Although most people are aware of the 6 Nazi Death Camps – Auschwitz, Belzec, Chelmno, Majdanek, Sobibor, and Treblinka – meant specifically for mass, factory-like killing, not as many people are aware of the extent of the Nazi ghetto and camp system which funnelled victims into the death camps.
Even scholars are taken aback by the newest numbers. Researchers at the Holocaust Memorial Museum, in Washington, D.C., have over the past decade been cataloging and counting both ghettos and camps. The numbers, presented in late January at an academic conference, are staggering: 42,500. The locations existed where the Nazis did, from Germany itself, to occupied Poland, France, and Russia. The map above shows the Nazi camps.
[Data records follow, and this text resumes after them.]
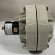 Amortiguador de pulsaciones Damper FLUIMAC 25 P-HT-1-T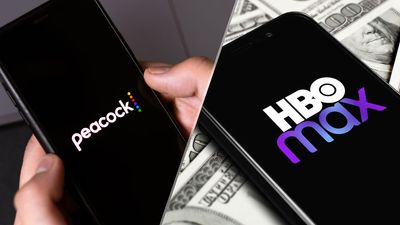 I would definitely cancel Peacock and HBO Max this month —here's why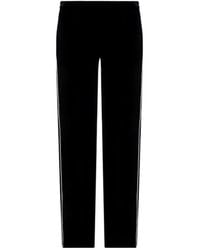 Valentino - Elastic Waist Track Pants - Lyst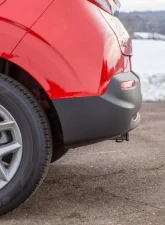 Curt 1-1/4" Class 1 Trailer Hitch Receiver Kia Soul 2020-2022                                     - 11575 - Image 9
The map below shows Nazi ghettos – areas in cities and towns in which the Jews (and other cultures or groups the Nazis included) were forced to live, with scant access to the necessities of life. (Imagine being locked into an area the size of a city block, with no access to food, with thousands of other people and you start to get the idea). The most famous is the Warsaw ghetto in Poland. The map can’t help but leave one aghast at the sheer number; the amount of planning that was involved in the Holocaust is what strikes me. I’m constantly upset whenever people think it was only Hitler that caused the Holocaust; but a system this large and with this much organization shows just how many people knew and were involved.
My source for the research and maps was the New York Times article, ‘The Holocaust Just Got More Shocking’ by Eric Lichtblau, published online March 1st, 2013.